Desde que asumí cierta racionalidad comprendí que mezclar Dios y política solo puede conducir a la manipulación y al sinsentido. No soy creyente, tan solo práctico —si la palabra es la más adecuada— cierto catolicismo cultural y cotidiano, una herencia del Dios de mis abuelos y que me lleva a decir sin ningún tipo de reserva “Dios le pague”, “bendiciones” o “la virgen lo acompañe”. Nada más.
No soy cercano al rito católico, no comprendo la naturaleza difusa de la divinidad y tampoco sustento mi ética desde una perspectiva religiosa. La cuestión sobre Dios me resulta indiferente, pero si considero que no se debe instrumentalizar con una finalidad política, mucho menos por quienes ostentan el poder y deben ser garantes del respeto por la Constitución y las leyes.

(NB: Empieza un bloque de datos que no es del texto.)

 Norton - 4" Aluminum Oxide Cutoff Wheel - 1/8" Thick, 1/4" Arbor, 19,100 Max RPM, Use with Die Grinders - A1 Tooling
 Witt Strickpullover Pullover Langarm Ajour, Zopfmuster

En su discurso en La Alpujarra, Quintero afirmó, exteriorizando su fuero interior, que Dios “pone y quita y gobernantes”, y agregó que ese Dios —su Dios— “está con nosotros y no con ellos que son la maldad”. No veo problemático que un político haga alarde de su confesión religiosa; sin embargo, sí me resulta chocante que un alcalde elegido por votación popular (no bajo la prerrogativa del derecho divino) se pase por la faja el Estado laico y asuma que su cargo se lo debe a Dios.
No señor. Si usted llegó a la alcaldía fue porque simplemente ganó una elección, bajo ninguna circunstancia fáctica un Dios lo puso ahí o su cargo emana de un mandato divino. Tampoco es responsabilidad de Dios sacarlo, suspenderlo o llamarlo al orden.

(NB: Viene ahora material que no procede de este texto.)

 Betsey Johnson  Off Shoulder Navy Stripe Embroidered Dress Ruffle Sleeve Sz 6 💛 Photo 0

Y no es una discusión menor, el Estado laico es una conquista histórica de base liberal que le restó influencia a la jerarquía católica para imponer su sesgada visión del mundo al conjunto de la sociedad. Así que se debe defender y todos los gobernantes, así sean muy camanduleros o religiosos, lo deben respetar y comprender que su función en un cargo de elección popular es meramente ejecutiva. No son pastores o curas.
Colombia no se gobierna con la Biblia, sino con la Constitución y las leyes. Ya cada quien tiene su espacio privado o social para expresar su fe, pero resulta simplemente descabellado que un alcalde se considere imbuido por una suerte de derecho divino y no vea problema en afirmar que es Dios quien quita o pone gobernantes.

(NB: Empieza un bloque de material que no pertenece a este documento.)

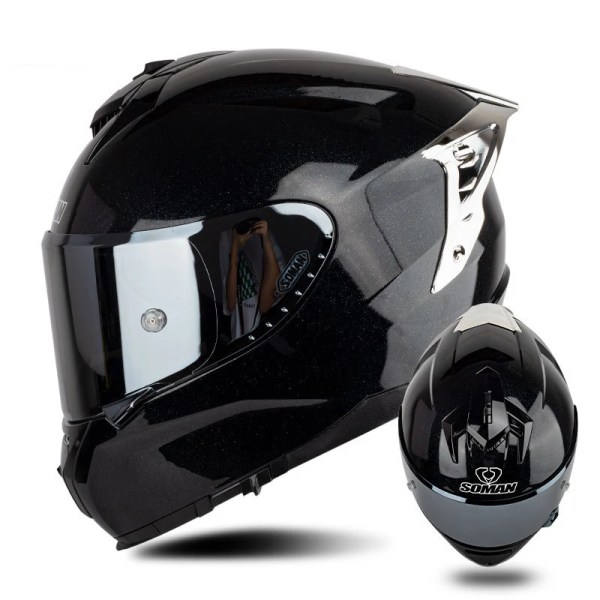 ECE DOT-godkänd Casco Motorcykelhjälmar Helansiktshjälm Dual Lens Capacete Moto Scooter Ridning Färgglatt visir för män kvinnor F3704BK XXL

Al alcalde le preguntaron en varios medios sobre sus palabras y respondió que respeta todas las regiones y que inclusive impulsó la expedición de una política pública sobre libertad de cultos. Aunque esa libertad ya viene garantizada desde la Constitución y no depende del resorte de un alcalde.
Otro aspecto curioso del discurso de Quintero —un orador bastante precario— tiene que ver con la maldad, ya que, según se interpreta de sus palabras, el uribismo, el GEA y los revocadores son la maldad y Dios —su Dios— no está con ellos.
No me quisiera adentrar en que podría entender Quintero por maldad, pero ahí solo veo una intención por echar mano de un maniqueísmo primario y reducir las acciones contra su gestión (y su ilegal suspensión) a una arremetida de la maldad. De esa forma y solo desde lo discursivo, Quintero se pinta como salvador y redentor.
Instrumentalizar a Dios para propiciar bandos o legitimar posiciones políticas me resulta peligrosísimo. Es la esencia de las teocracias excluyentes y sectarias; con fortuna, un modelo de gobierno muy reducido en occidente, pero que costó millones de vidas y que sigue sometiendo a millones de personas a auténticos regímenes de terror.
En nuestro país el Estado es laico y todos los gobernantes lo deben entender. Dios no pone o quita gobernantes, y si es el caso, solo debe ser una creencia que se reduzca al fuero interior de aquellos gobernantes, a la práctica de su fe o a sus espacios religiosos de socialización. Así suene impopular —más para políticos empeñados en posicionarse a escala nacional en un país todavía muy católico—, es lo más adecuado y lo que como sociedad debemos defender.
Alcalde, por favor no mezclar Dios y política, estoy seguro que Dios se lo agradecerá. Y que Dios le pague.